**EXERCISE DETAILS**
Copy all the entries word for word, but omit the pictures.

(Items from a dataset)
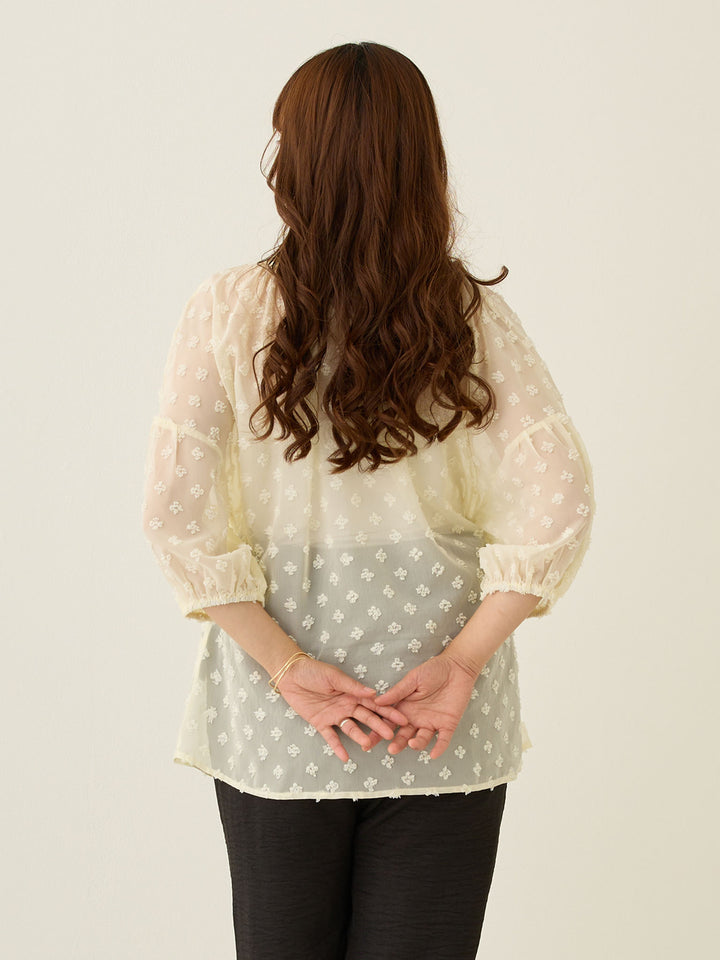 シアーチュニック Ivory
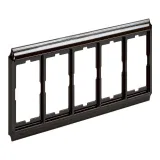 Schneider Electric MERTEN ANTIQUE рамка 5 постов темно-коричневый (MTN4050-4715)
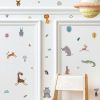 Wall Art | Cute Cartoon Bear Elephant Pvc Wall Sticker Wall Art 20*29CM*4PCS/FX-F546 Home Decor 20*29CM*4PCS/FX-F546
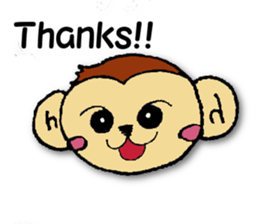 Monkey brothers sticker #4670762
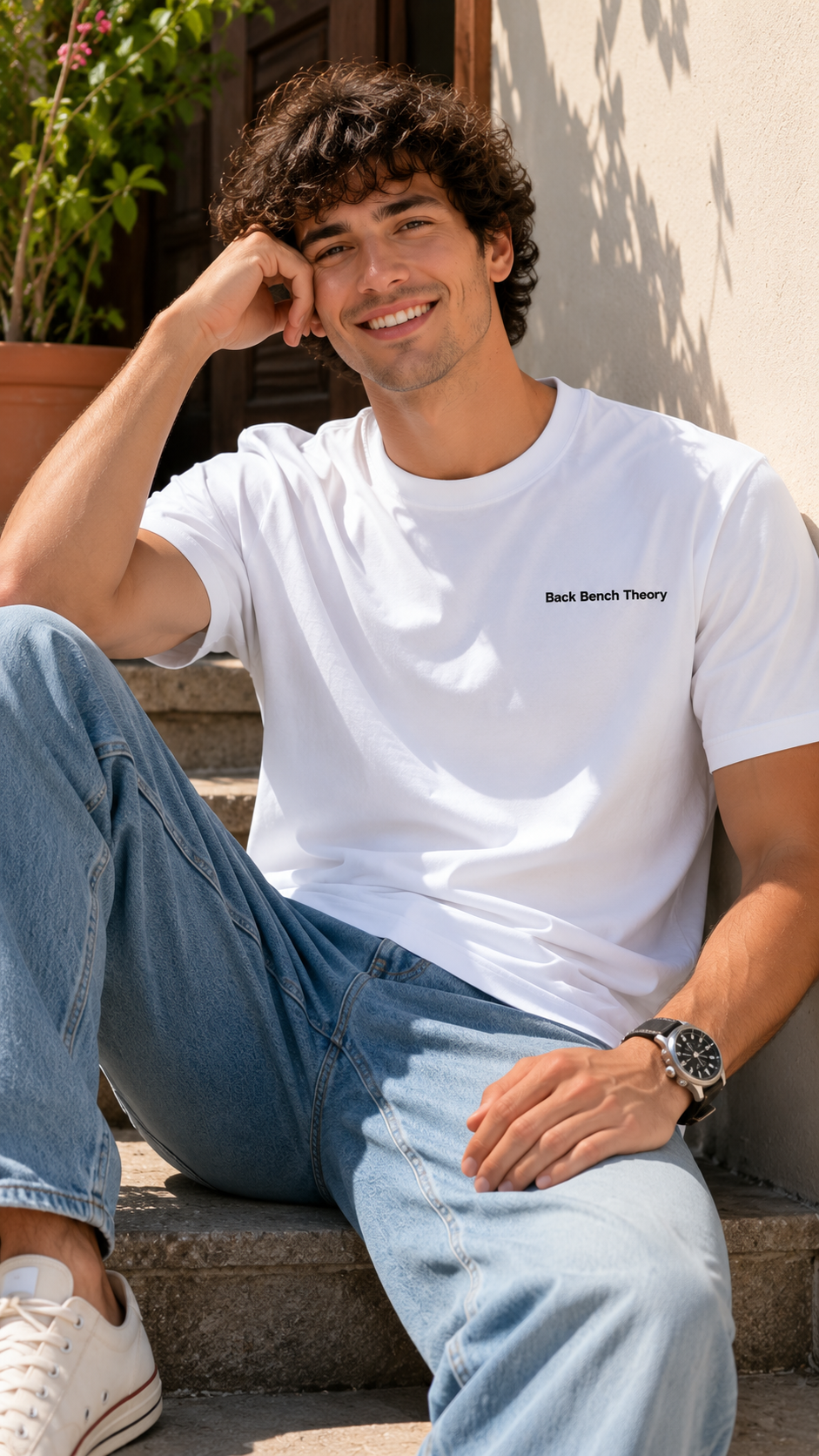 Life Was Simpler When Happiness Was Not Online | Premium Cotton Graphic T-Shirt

**OUTPUT OF THE EXERCISE**
 シアーチュニック Ivory
 Schneider Electric MERTEN ANTIQUE рамка 5 постов темно-коричневый (MTN4050-4715)
 Wall Art | Cute Cartoon Bear Elephant Pvc Wall Sticker Wall Art 20*29CM*4PCS/FX-F546 Home Decor 20*29CM*4PCS/FX-F546
 Monkey brothers sticker #4670762
 Life Was Simpler When Happiness Was Not Online | Premium Cotton Graphic T-Shirt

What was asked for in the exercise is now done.